Voilà le hic. Comment les universités peuvent-elles rester fidèles à leur mission à l’égard de la société en courtisant du même coup un secteur privé qui fait miroiter ses dollars?
À l’évidence, l’université publique et l’entreprise privée poursuivent des objectifs fondamentalement et fatalement antagoniques. Comme l’indiquent leurs énoncés de mission, la première contribue à l’avancement de la société dans les limites de sa capacité financière, alors que la seconde vise l’avancement maximal de ses intérêts financiers dans les limites de son apport à la société. Face à ce choc des visions, il n’est pas surprenant que la voie du compromis soit la seule possible.
L’ennui, c’est que les universités sont déjà vulnérables, étant contraintes par la baisse du financement public à se tourner vers le secteur privé pour trouver les fonds dont elles ont grandement besoin. Par conséquent, les compromis qui résultent inévitablement de cette association portent souvent atteinte à leur autonomie et à leur liberté académique. Rappelons qu’il s’agit des principes mêmes qui sont les fondements de l’intégrité académique et de la confiance du public dans le respect de l’engagement des universités à améliorer le bien commun.
L’exemple le plus évident jusqu’à aujourd’hui d’une fusion entre les universités et les entreprises privées est le projet de partenariat envisagé dernièrement par l’Université York et le Centre pour l’innovation dans la gouvernance internationale (CIGI), un groupe de réflexion privé présidé par l’ancien coprésident-directeur général de Research in Motion, Jim Balsillie. De cette collaboration serait né un programme de droit international « de calibre mondial » à l’Université York, comportant dix nouvelles chaires de recherche.
L’entente prévoyait que le CIGI nomme deux des quatre membres votants sur les cinq membres du comité directeur du programme. Ce dernier devait posséder divers pouvoirs, notamment ceux de définir les domaines et les plans de recherche, et d’établir les attentes et les modalités financières pour chaque chaire. Ses décisions à ces égards devaient être approuvées à l’unanimité. Dans les faits, cela signifiait que le CIGI — une entité privée constituée en société — détenait un droit de veto sur la recherche académique menée dans ce nouveau programme.

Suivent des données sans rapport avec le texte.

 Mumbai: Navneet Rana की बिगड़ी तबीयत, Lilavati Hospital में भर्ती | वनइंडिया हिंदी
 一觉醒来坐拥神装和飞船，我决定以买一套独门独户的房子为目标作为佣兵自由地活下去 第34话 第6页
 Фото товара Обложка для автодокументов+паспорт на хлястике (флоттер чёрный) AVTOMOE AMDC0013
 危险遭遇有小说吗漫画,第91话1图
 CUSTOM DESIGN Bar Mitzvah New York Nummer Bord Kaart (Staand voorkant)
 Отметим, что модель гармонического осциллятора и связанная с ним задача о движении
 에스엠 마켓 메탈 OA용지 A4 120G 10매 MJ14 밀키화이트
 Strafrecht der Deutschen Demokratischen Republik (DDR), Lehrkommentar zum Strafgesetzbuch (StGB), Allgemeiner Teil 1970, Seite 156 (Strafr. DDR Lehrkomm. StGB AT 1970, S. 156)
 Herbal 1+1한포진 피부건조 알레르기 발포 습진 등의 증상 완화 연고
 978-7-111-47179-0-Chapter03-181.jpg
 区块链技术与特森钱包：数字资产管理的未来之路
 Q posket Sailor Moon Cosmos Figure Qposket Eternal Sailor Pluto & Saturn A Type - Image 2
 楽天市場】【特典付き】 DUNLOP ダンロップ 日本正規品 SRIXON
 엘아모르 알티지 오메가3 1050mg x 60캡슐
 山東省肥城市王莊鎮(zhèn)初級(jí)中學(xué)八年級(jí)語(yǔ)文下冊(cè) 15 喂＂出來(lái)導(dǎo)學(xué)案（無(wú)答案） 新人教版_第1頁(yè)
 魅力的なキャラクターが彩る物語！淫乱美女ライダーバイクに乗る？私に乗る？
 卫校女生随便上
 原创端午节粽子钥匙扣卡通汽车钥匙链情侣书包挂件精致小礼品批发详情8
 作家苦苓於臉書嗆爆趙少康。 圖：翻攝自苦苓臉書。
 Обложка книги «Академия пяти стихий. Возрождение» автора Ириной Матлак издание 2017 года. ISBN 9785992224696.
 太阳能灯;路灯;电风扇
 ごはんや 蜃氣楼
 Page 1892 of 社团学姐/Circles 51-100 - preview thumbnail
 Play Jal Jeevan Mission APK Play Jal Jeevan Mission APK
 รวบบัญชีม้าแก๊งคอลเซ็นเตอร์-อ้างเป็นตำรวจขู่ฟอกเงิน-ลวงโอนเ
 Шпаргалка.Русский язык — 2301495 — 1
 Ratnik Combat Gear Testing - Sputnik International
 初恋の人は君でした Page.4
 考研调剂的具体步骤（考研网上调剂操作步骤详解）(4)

Un tel abandon de la mission des universités d’être au service de la collectivité ne peut que causer, à long terme, un préjudice irréparable à l’intégrité académique et à la confiance du public, essentielle au milieu académique. Est-ce une contrepartie acceptable à l’accès à un financement? Je ne le pense pas. En servant ainsi les intérêts des gouvernements ou des entreprises, les universités deviendront des institutions moins essentielles et pertinentes pour la société, et failliront à leur mission de contribuer au bien-être collectif. Des actions vigoureuses s’imposent sans tarder pour assurer que la priorité sera accordée à l’intégrité académique et à la confiance du public.